This piece previously appeared on the Finer Points blog.
Each fall, the University of Utah community buzzes with energy – students move in to dorms and fill the sidewalks with excited conversation, plans begin for upcoming performances and exhibitions, the beautiful mountain backdrop changes color, and fans anxiously await football’s opening day in Rice Eccles Stadium.
Perhaps this year, more than before (we missed it all so much!) being on campus feels special.
One building in particular is showing off a fresh new coat of paint: the Einar Nielsen Fieldhouse.
Originally opened in 1939, the Einar Nielsen Fieldhouse has been central in the memories of U students, and acted as home for U athletes for decades. From 1939 to 1969, the Runnin’ Utes basketball team played there to adoring crowds. Students took physical education within its walls. It was even retrofitted to hold soldiers during WWII.
Many will remember in 2015 when the rooftop of the Fieldhouse was first painted in proud block letters reading “UTAH,” the result of an enthusiastic crowdfunding campaign. Recently, the roof was repainted after major seismic renovations to the building.
In just a few short weeks, fans will enjoy these familiar rooftop letters as they cheer on the Utah Utes. What is perhaps lesser-known is what is happening inside the historic structure.
A new space for the arts
The College of Fine Arts is hard at work regenerating the beloved Einar Nielsen Fieldhouse into a new, state-of-the-art, 375-seat theatre. Thanks to a landmark gift from the Meldrum Foundation, this long-awaited space will be home to both the Department of Theatre and Pioneer Theatre Company productions.
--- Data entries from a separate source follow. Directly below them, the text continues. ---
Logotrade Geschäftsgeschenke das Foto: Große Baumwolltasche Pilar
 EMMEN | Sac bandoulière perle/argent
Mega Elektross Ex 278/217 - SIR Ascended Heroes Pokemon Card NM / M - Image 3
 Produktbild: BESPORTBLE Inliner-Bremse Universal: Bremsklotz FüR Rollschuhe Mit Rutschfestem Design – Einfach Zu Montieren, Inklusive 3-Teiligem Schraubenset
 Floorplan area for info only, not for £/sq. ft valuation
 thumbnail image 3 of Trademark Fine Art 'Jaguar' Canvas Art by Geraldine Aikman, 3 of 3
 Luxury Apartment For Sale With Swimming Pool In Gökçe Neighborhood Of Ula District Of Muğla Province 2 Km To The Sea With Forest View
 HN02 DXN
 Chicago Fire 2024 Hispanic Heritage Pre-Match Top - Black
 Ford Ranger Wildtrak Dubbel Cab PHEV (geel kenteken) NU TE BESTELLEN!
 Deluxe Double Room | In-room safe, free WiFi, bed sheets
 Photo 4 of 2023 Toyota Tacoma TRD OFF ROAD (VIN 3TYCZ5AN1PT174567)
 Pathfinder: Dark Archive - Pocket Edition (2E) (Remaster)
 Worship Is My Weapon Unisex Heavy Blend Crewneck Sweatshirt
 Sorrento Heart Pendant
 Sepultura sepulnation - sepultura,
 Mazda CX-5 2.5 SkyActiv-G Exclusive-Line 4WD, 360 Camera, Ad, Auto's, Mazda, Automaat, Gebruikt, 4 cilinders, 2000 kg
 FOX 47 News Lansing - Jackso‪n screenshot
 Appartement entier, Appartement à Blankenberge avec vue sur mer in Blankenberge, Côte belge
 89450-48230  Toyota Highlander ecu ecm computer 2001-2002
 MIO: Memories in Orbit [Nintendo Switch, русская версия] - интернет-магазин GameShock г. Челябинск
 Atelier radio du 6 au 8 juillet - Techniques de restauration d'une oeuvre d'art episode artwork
Providing a much-needed proscenium performance venue for the Department of Theatre and a suitable space for Pioneer Theatre Company’s contemporary plays that require a more intimate audience, the project brings new life to a historic structure while meeting central needs.
As an added bonus, the theatre will encourage consistent collaboration between students and professional working artists.
So, as you make your way to a game, stroll through lower campus on your way to class, or wave as you drive by the old Fieldhouse, know that this long-standing landmark is newly thriving, ushering in a bright new chapter for the arts in Utah.